For decades, a large titanium arch has stood in central Kyiv, towering over a sculpture of two men holding up a medal representing the Soviet Union's Order of Friendship of Peoples.

The rainbow-shaped installation is called the People's Friendship Arch and was gifted to Ukraine by the Soviet government in 1982 as a symbol of the relationship between the Russia and Ukraine.

The arch has become increasingly controversial over the years, as tensions have risen. After Russia invaded Crimea in 2014, for example, activists painted a large crack across the top. And now, as Russia wages all-out war in Ukraine, locals are split on what to do with it.

When NPR's Scott Detrow spoke to Kyiv residents earlier this month about what should happen to the arch, one wanted it preserved as a reminder of the war while another offered a suggestion that wasn't exactly fit for the airwaves.

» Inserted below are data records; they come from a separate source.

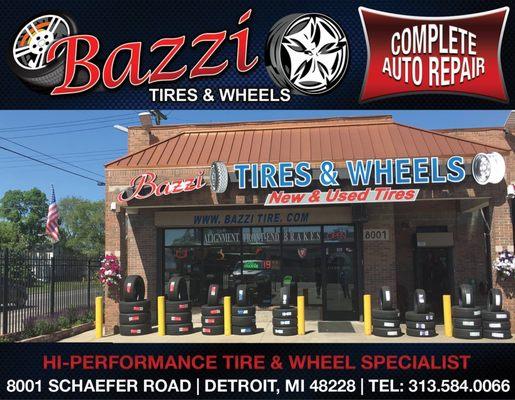 Bazzi Tire & Wheels offers a wide selection of name brand tires, Automotive services, factory and custom wheels at affordable prices.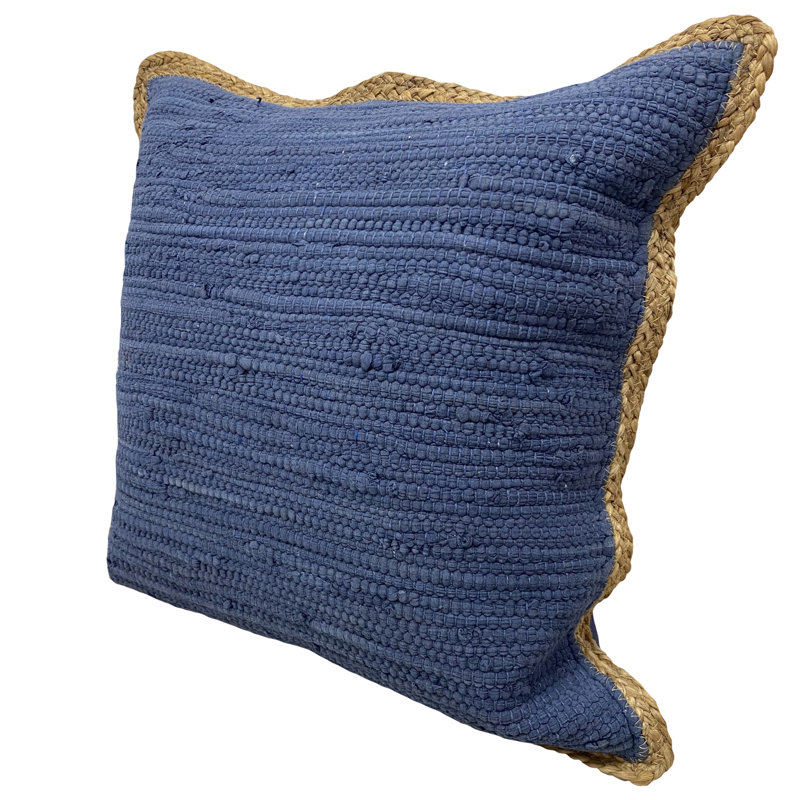 Navy and Jute 20" Square Cotton Throw Pillow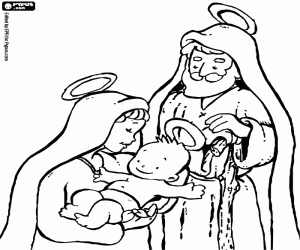 Coloriage Jésus dans les bras de Marie et Joseph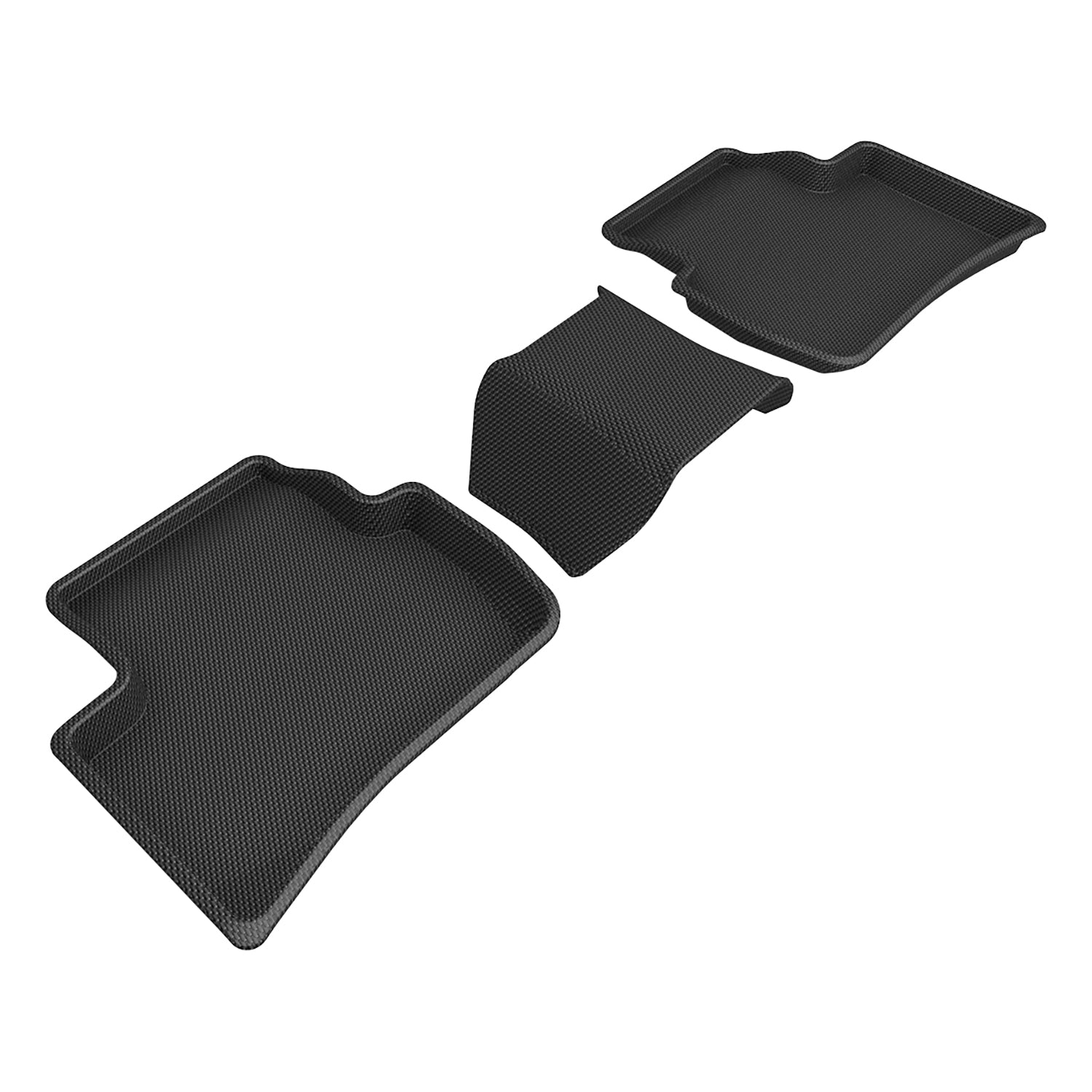 3D Maxpider 2022-2024 Toyota Corolla Custom Fit Kagu 2nd Row Carbon Fiber Embossed Pattern Black Floor Mats L1TY29421509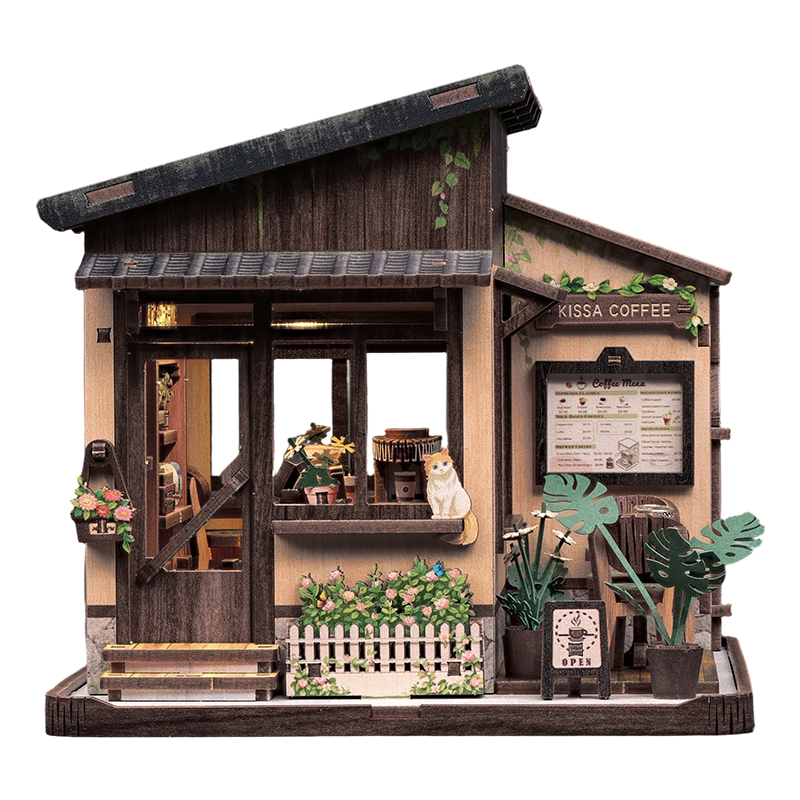 Japanisches Holz-Miniaturhaus-Bausatz Kissa Coffee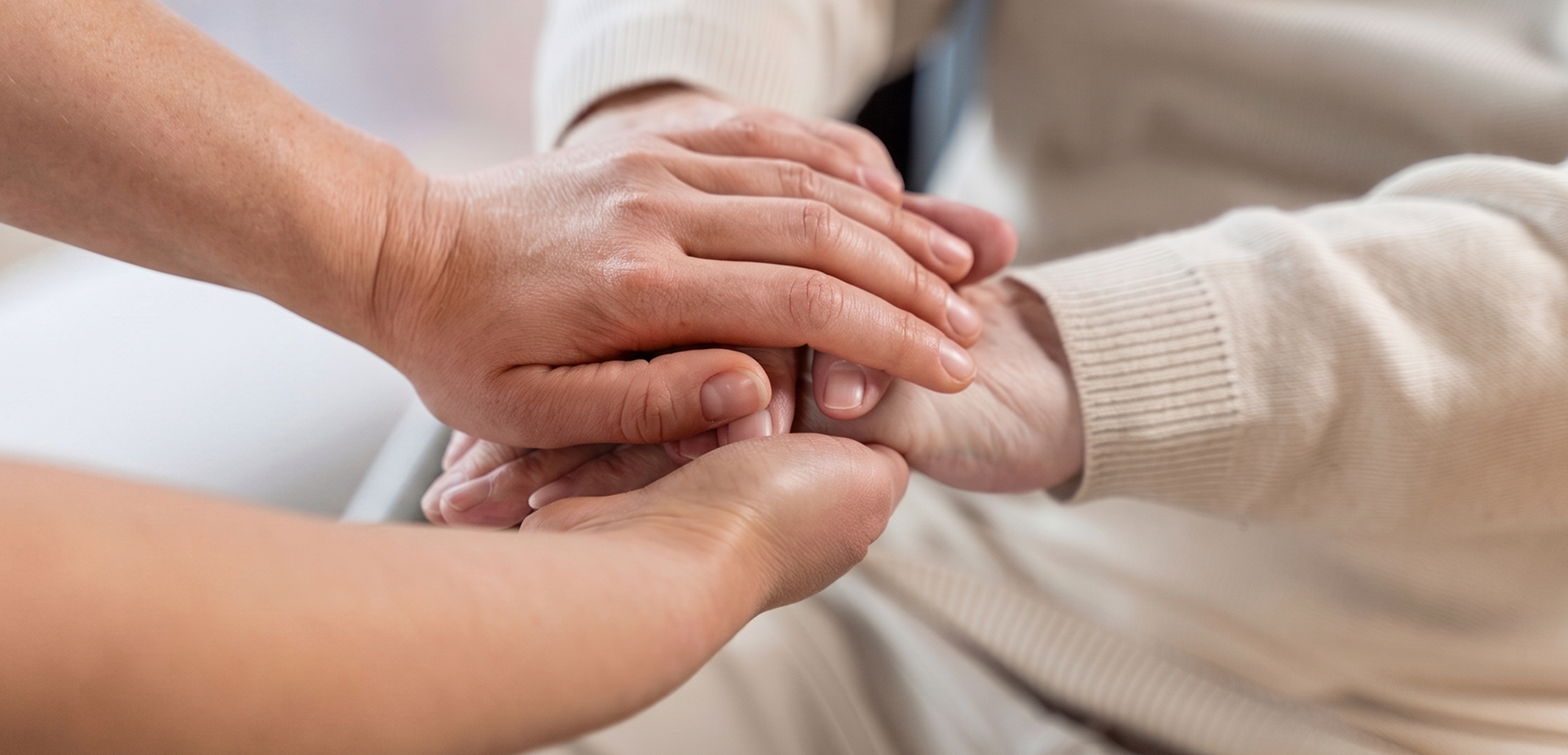 Two people holding hands: one hand placed gently over the other in a supportive gesture.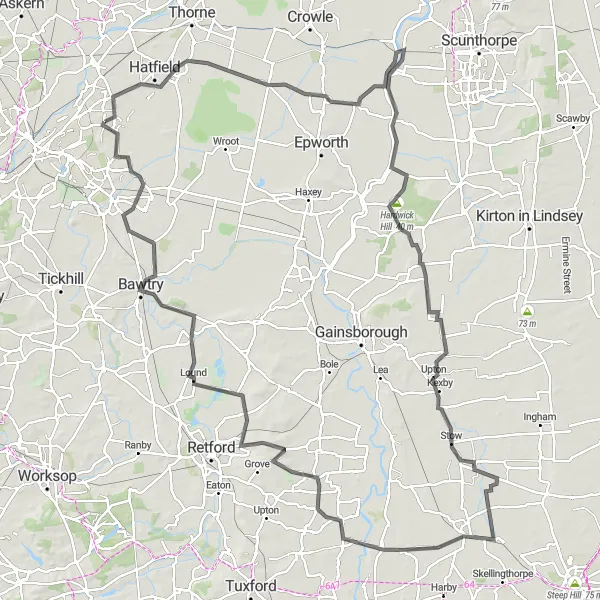 Map miniature of "South Yorkshire Epic Ride" cycling inspiration in South Yorkshire, United Kingdom. Generated by Tarmacs.app cycling route planner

On Monday, Kyiv Mayor Vitali Klitschko announced that a decision had been made.

He said that the statue of the men will be dismantled but that the arch will remain standing, with some alterations: It will be renamed and highlighted with the colors of the Ukrainian flag.

"This week we will dismantle a bronze sculpture of two workers, erected in 1982 'to commemorate the reunification of Ukraine with Russia,' " Klitschko said, according to CNN. "The eight meters of metal of the so-called 'friendship of two peoples' will be removed from the center of Kyiv."

The dismantling of the sculpture is scheduled to finish by the end of Tuesday, he said.

The Friendship Arch isn't the only Kyiv monument that officials are hoping to reclaim these days.

On Monday, the secretary of the Kyiv City Council told a Ukrainian newspaper that it will change the names of streets linked to Russia and Belarus. Volodymyr Bondarenko said there are 279 streets and 60 objects, such as memorials and plaques, that fit the bill in Kyiv, according to Polish news site TVP World.

He said city residents can submit suggestions for streets to be renamed and objects to be removed by May 1, although it will take longer for the signs with street names to actually be removed as "this is not the time for such actions."

"No one intends to take books of Russian classical authors down from library shelves or forbid people to attend concerts of Rachmaninoff," he said. "But the matter of street names and memorials needs to be brought to a close."